[Scraped caption text data]
=== Begin Enclosure ===
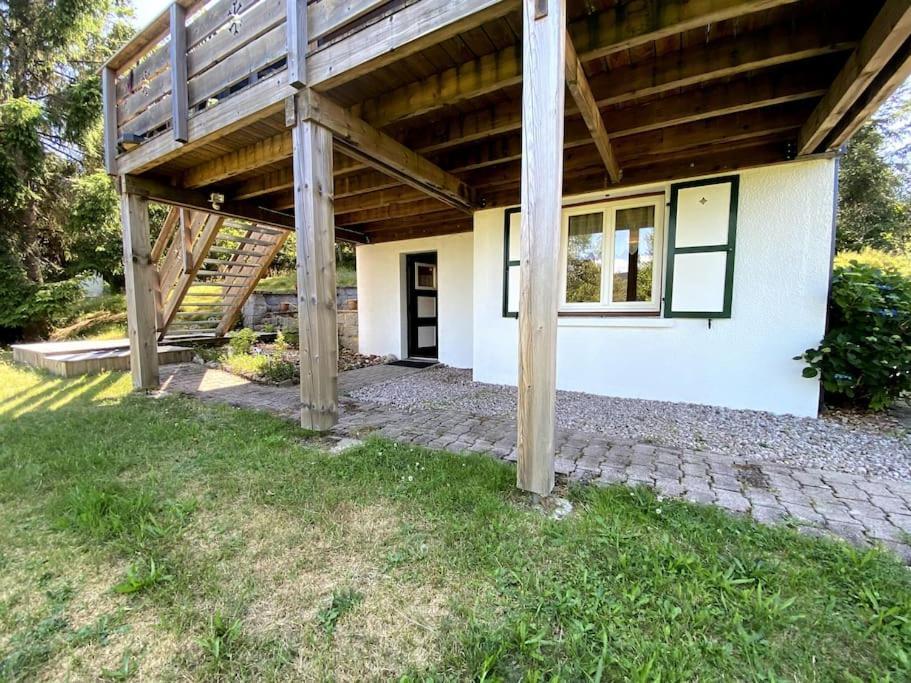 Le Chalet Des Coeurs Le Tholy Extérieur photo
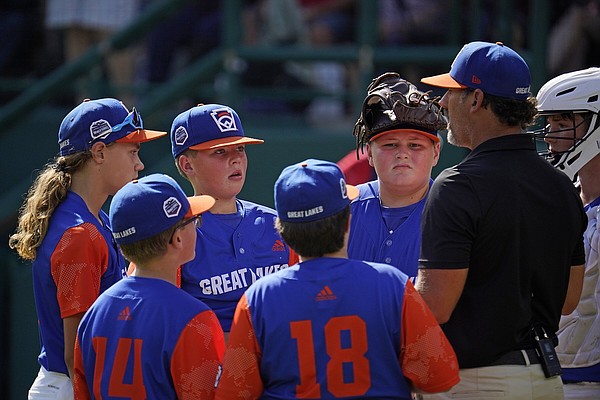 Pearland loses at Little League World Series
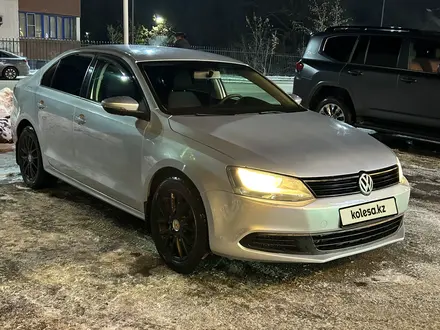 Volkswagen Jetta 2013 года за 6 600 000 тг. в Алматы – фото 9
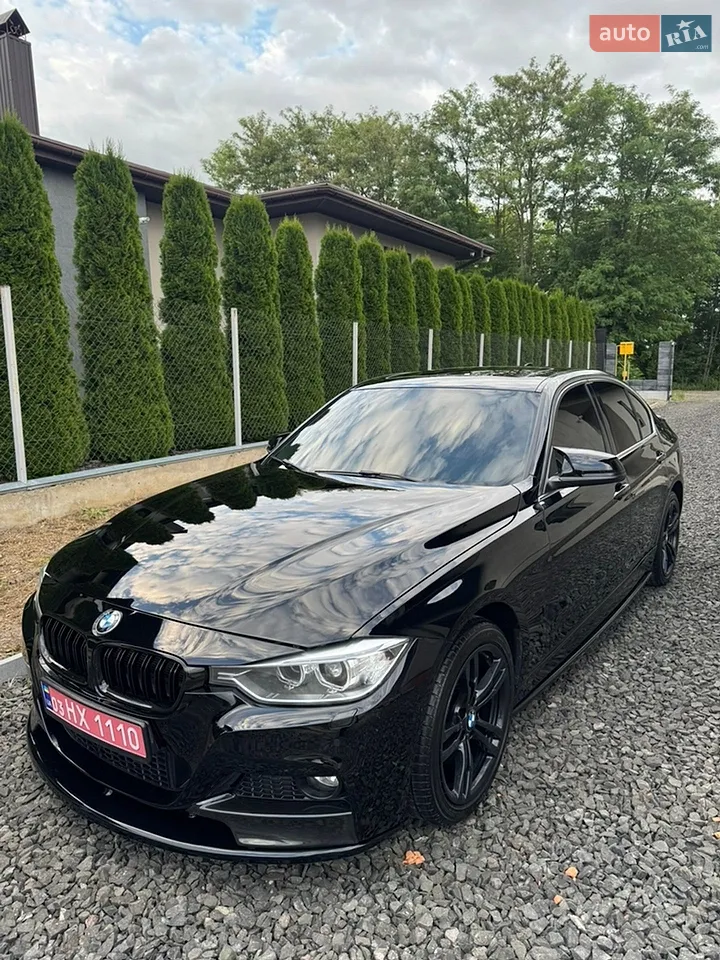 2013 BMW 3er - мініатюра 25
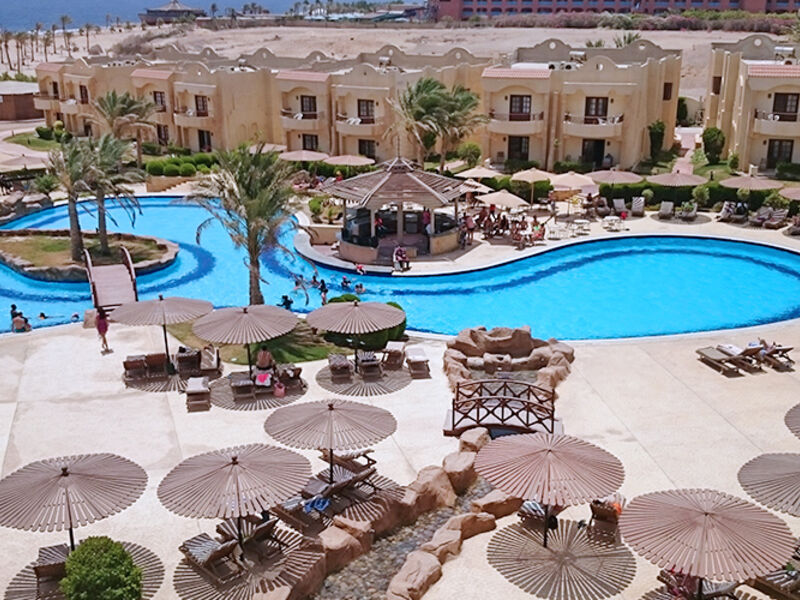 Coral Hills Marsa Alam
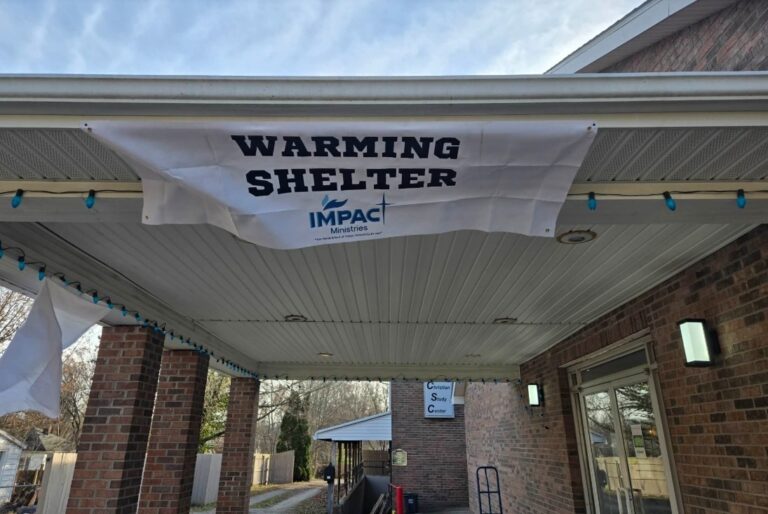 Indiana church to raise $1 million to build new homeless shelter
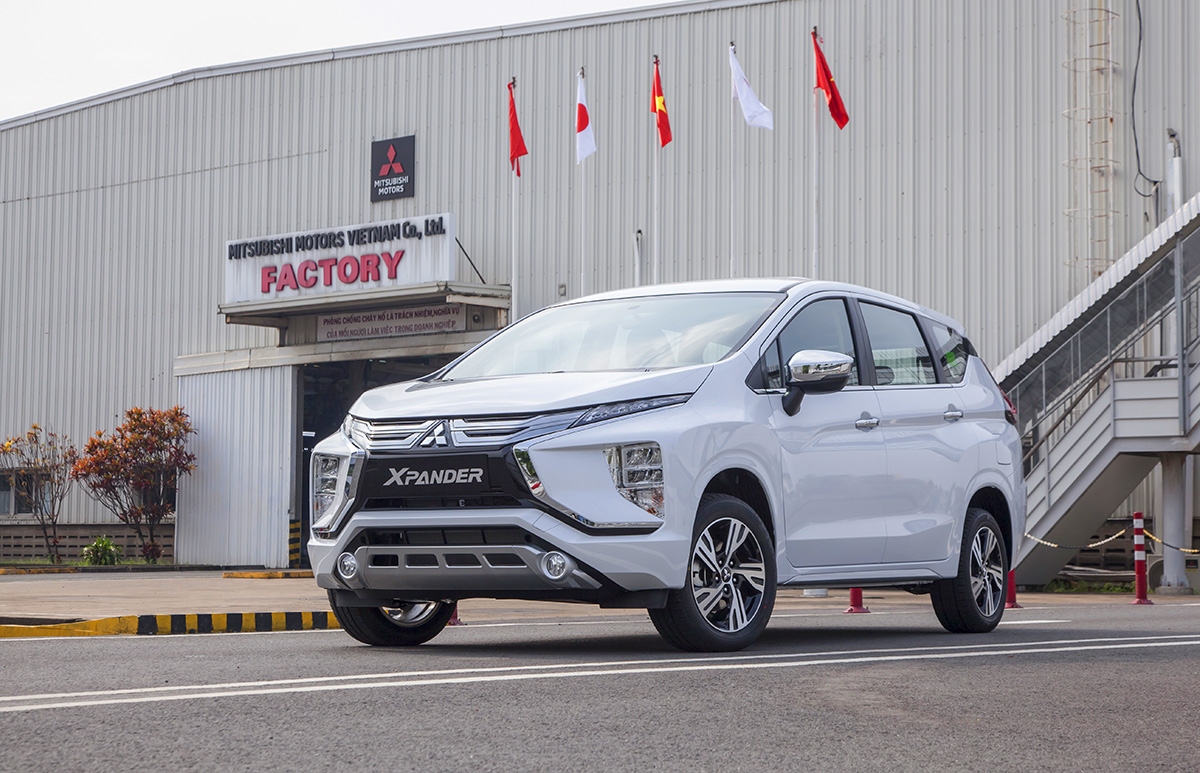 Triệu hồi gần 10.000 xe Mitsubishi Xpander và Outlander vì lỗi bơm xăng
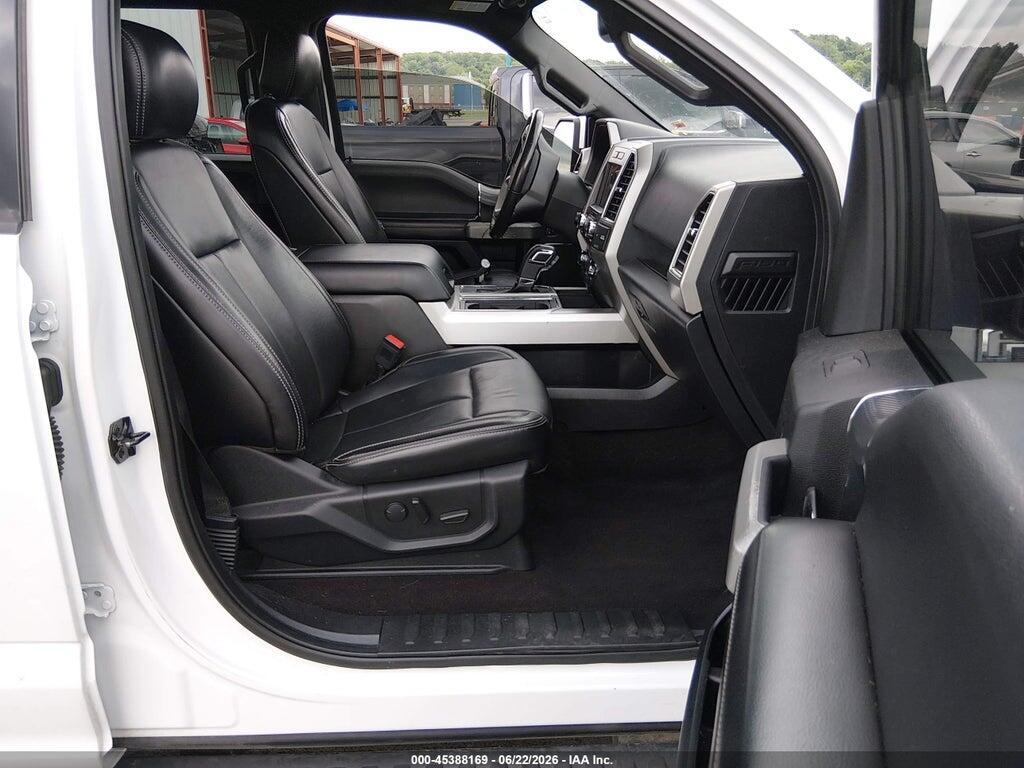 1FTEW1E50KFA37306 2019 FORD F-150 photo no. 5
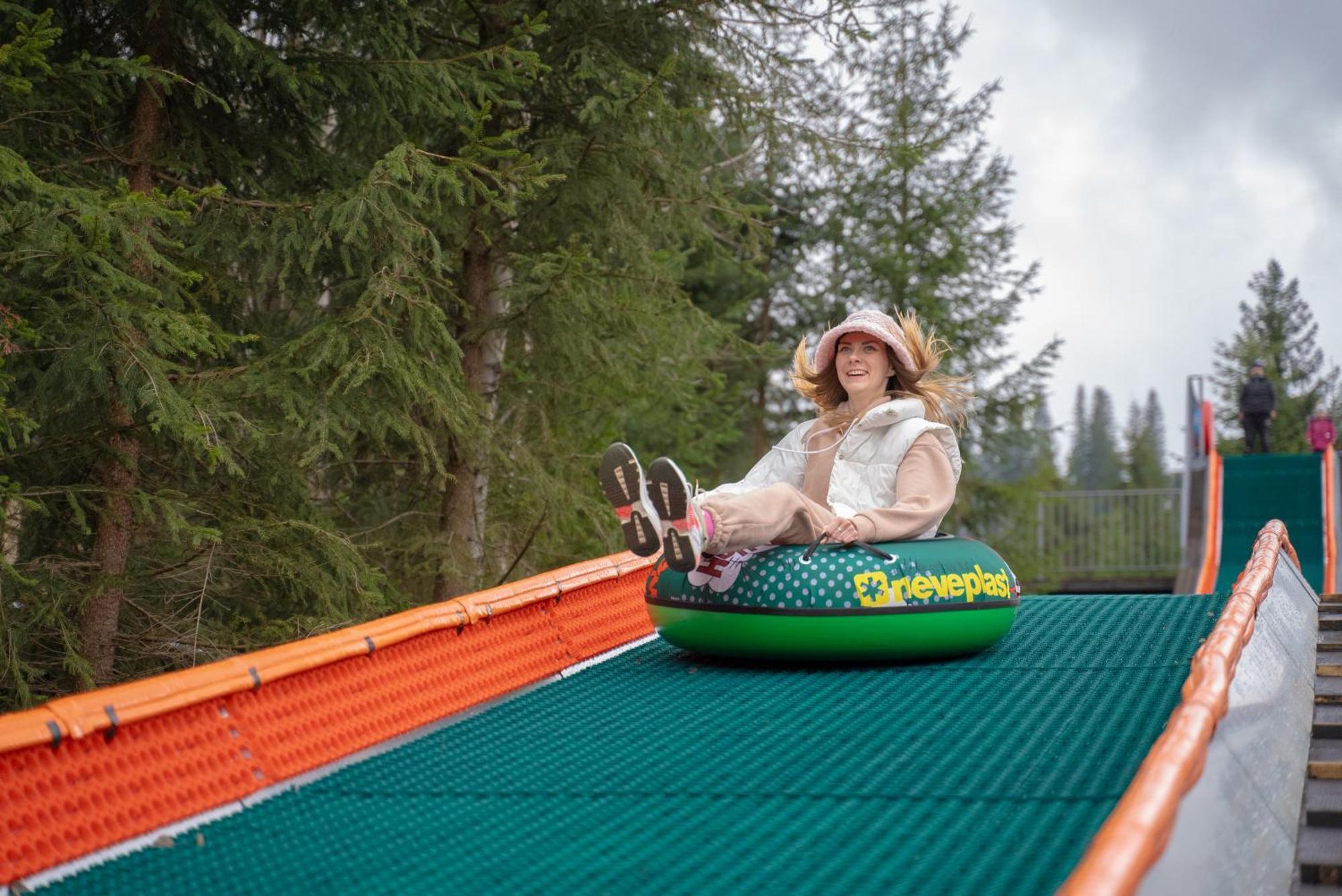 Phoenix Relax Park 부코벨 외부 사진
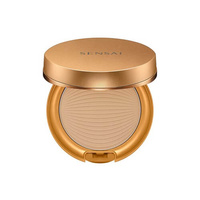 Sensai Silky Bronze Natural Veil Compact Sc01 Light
=== End Enclosure ===
WHAT YOU HAVE TO DO
Give back, exactly and with nothing added, the lines from the line with "Indiana church to" through the final line of the data, both included; leave pictures out.

ANSWER SECTION
 Indiana church to raise $1 million to build new homeless shelter
 Triệu hồi gần 10.000 xe Mitsubishi Xpander và Outlander vì lỗi bơm xăng
 1FTEW1E50KFA37306 2019 FORD F-150 photo no. 5
 Phoenix Relax Park 부코벨 외부 사진
 Sensai Silky Bronze Natural Veil Compact Sc01 Light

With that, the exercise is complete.